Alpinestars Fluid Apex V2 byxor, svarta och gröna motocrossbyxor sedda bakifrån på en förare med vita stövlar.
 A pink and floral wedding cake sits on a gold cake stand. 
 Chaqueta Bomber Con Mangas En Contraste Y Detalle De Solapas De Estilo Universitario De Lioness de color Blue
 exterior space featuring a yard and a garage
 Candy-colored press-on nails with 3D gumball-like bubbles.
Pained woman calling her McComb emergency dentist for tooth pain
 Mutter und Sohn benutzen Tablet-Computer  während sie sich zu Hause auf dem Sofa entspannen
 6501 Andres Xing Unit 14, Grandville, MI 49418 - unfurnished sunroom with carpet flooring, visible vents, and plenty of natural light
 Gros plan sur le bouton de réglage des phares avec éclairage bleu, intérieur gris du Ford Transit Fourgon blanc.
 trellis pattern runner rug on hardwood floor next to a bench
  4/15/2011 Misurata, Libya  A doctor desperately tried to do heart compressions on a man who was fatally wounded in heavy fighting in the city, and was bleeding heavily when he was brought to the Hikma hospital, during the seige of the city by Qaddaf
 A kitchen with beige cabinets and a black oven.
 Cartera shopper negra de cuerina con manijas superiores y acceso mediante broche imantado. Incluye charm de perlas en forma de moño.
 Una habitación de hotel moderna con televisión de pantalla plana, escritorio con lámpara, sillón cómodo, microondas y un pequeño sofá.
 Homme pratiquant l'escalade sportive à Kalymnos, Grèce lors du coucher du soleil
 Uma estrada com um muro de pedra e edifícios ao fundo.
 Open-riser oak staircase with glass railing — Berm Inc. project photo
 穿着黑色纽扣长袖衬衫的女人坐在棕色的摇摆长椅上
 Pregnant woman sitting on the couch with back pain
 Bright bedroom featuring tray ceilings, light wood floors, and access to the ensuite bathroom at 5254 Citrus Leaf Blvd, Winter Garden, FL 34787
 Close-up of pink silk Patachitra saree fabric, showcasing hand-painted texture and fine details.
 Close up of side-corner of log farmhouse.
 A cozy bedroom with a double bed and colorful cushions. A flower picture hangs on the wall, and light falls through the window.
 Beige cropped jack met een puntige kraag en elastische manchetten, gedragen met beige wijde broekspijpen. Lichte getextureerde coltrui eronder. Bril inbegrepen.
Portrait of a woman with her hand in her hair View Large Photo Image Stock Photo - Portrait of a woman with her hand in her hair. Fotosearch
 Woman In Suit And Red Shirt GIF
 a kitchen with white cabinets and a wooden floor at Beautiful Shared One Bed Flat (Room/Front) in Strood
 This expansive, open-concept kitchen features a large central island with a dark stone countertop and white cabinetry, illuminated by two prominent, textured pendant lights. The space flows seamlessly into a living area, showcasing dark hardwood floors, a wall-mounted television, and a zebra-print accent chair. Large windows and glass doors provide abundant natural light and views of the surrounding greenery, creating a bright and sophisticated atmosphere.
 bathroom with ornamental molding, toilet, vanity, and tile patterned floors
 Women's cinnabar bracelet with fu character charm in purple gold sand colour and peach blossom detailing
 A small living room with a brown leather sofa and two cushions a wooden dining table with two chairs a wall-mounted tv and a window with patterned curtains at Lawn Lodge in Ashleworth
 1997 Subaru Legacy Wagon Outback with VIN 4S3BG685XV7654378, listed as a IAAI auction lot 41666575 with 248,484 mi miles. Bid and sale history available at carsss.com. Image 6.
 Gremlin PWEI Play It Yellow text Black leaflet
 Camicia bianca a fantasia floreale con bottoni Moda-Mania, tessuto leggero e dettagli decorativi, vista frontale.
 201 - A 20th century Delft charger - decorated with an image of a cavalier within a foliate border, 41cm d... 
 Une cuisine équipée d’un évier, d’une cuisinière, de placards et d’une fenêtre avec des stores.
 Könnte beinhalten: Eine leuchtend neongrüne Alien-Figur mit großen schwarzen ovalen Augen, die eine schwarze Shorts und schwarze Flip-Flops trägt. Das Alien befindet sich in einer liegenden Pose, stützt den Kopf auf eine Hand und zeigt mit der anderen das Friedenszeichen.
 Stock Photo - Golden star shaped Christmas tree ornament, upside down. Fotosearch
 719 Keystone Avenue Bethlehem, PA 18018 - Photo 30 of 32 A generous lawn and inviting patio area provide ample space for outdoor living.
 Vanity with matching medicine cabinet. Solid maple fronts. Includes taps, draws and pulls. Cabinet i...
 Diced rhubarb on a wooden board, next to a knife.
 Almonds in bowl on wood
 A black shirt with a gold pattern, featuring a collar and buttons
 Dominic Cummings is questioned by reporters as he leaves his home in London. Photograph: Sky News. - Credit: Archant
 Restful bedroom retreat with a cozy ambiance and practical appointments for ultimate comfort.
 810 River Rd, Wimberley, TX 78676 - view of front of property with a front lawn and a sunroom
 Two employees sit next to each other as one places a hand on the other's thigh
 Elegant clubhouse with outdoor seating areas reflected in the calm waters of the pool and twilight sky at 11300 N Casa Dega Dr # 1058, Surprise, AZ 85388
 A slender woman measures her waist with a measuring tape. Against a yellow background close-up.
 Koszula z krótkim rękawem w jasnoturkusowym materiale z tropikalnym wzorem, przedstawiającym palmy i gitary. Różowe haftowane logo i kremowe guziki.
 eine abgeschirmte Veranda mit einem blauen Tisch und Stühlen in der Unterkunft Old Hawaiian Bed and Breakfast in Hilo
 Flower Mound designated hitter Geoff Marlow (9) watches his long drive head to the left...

**WHAT YOU WILL DO**: Write out the complete listing above, exactly as it reads.

**ANSWER TO THIS EXERCISE**:
Alpinestars Fluid Apex V2 byxor, svarta och gröna motocrossbyxor sedda bakifrån på en förare med vita stövlar.
 A pink and floral wedding cake sits on a gold cake stand. 
 Chaqueta Bomber Con Mangas En Contraste Y Detalle De Solapas De Estilo Universitario De Lioness de color Blue
 exterior space featuring a yard and a garage
 Candy-colored press-on nails with 3D gumball-like bubbles.
Pained woman calling her McComb emergency dentist for tooth pain
 Mutter und Sohn benutzen Tablet-Computer  während sie sich zu Hause auf dem Sofa entspannen
 6501 Andres Xing Unit 14, Grandville, MI 49418 - unfurnished sunroom with carpet flooring, visible vents, and plenty of natural light
 Gros plan sur le bouton de réglage des phares avec éclairage bleu, intérieur gris du Ford Transit Fourgon blanc.
 trellis pattern runner rug on hardwood floor next to a bench
  4/15/2011 Misurata, Libya  A doctor desperately tried to do heart compressions on a man who was fatally wounded in heavy fighting in the city, and was bleeding heavily when he was brought to the Hikma hospital, during the seige of the city by Qaddaf
 A kitchen with beige cabinets and a black oven.
 Cartera shopper negra de cuerina con manijas superiores y acceso mediante broche imantado. Incluye charm de perlas en forma de moño.
 Una habitación de hotel moderna con televisión de pantalla plana, escritorio con lámpara, sillón cómodo, microondas y un pequeño sofá.
 Homme pratiquant l'escalade sportive à Kalymnos, Grèce lors du coucher du soleil
 Uma estrada com um muro de pedra e edifícios ao fundo.
 Open-riser oak staircase with glass railing — Berm Inc. project photo
 穿着黑色纽扣长袖衬衫的女人坐在棕色的摇摆长椅上
 Pregnant woman sitting on the couch with back pain
 Bright bedroom featuring tray ceilings, light wood floors, and access to the ensuite bathroom at 5254 Citrus Leaf Blvd, Winter Garden, FL 34787
 Close-up of pink silk Patachitra saree fabric, showcasing hand-painted texture and fine details.
 Close up of side-corner of log farmhouse.
 A cozy bedroom with a double bed and colorful cushions. A flower picture hangs on the wall, and light falls through the window.
 Beige cropped jack met een puntige kraag en elastische manchetten, gedragen met beige wijde broekspijpen. Lichte getextureerde coltrui eronder. Bril inbegrepen.
Portrait of a woman with her hand in her hair View Large Photo Image Stock Photo - Portrait of a woman with her hand in her hair. Fotosearch
 Woman In Suit And Red Shirt GIF
 a kitchen with white cabinets and a wooden floor at Beautiful Shared One Bed Flat (Room/Front) in Strood
 This expansive, open-concept kitchen features a large central island with a dark stone countertop and white cabinetry, illuminated by two prominent, textured pendant lights. The space flows seamlessly into a living area, showcasing dark hardwood floors, a wall-mounted television, and a zebra-print accent chair. Large windows and glass doors provide abundant natural light and views of the surrounding greenery, creating a bright and sophisticated atmosphere.
 bathroom with ornamental molding, toilet, vanity, and tile patterned floors
 Women's cinnabar bracelet with fu character charm in purple gold sand colour and peach blossom detailing
 A small living room with a brown leather sofa and two cushions a wooden dining table with two chairs a wall-mounted tv and a window with patterned curtains at Lawn Lodge in Ashleworth
 1997 Subaru Legacy Wagon Outback with VIN 4S3BG685XV7654378, listed as a IAAI auction lot 41666575 with 248,484 mi miles. Bid and sale history available at carsss.com. Image 6.
 Gremlin PWEI Play It Yellow text Black leaflet
 Camicia bianca a fantasia floreale con bottoni Moda-Mania, tessuto leggero e dettagli decorativi, vista frontale.
 201 - A 20th century Delft charger - decorated with an image of a cavalier within a foliate border, 41cm d... 
 Une cuisine équipée d’un évier, d’une cuisinière, de placards et d’une fenêtre avec des stores.
 Könnte beinhalten: Eine leuchtend neongrüne Alien-Figur mit großen schwarzen ovalen Augen, die eine schwarze Shorts und schwarze Flip-Flops trägt. Das Alien befindet sich in einer liegenden Pose, stützt den Kopf auf eine Hand und zeigt mit der anderen das Friedenszeichen.
 Stock Photo - Golden star shaped Christmas tree ornament, upside down. Fotosearch
 719 Keystone Avenue Bethlehem, PA 18018 - Photo 30 of 32 A generous lawn and inviting patio area provide ample space for outdoor living.
 Vanity with matching medicine cabinet. Solid maple fronts. Includes taps, draws and pulls. Cabinet i...
 Diced rhubarb on a wooden board, next to a knife.
 Almonds in bowl on wood
 A black shirt with a gold pattern, featuring a collar and buttons
 Dominic Cummings is questioned by reporters as he leaves his home in London. Photograph: Sky News. - Credit: Archant
 Restful bedroom retreat with a cozy ambiance and practical appointments for ultimate comfort.
 810 River Rd, Wimberley, TX 78676 - view of front of property with a front lawn and a sunroom
 Two employees sit next to each other as one places a hand on the other's thigh
 Elegant clubhouse with outdoor seating areas reflected in the calm waters of the pool and twilight sky at 11300 N Casa Dega Dr # 1058, Surprise, AZ 85388
 A slender woman measures her waist with a measuring tape. Against a yellow background close-up.
 Koszula z krótkim rękawem w jasnoturkusowym materiale z tropikalnym wzorem, przedstawiającym palmy i gitary. Różowe haftowane logo i kremowe guziki.
 eine abgeschirmte Veranda mit einem blauen Tisch und Stühlen in der Unterkunft Old Hawaiian Bed and Breakfast in Hilo
 Flower Mound designated hitter Geoff Marlow (9) watches his long drive head to the left...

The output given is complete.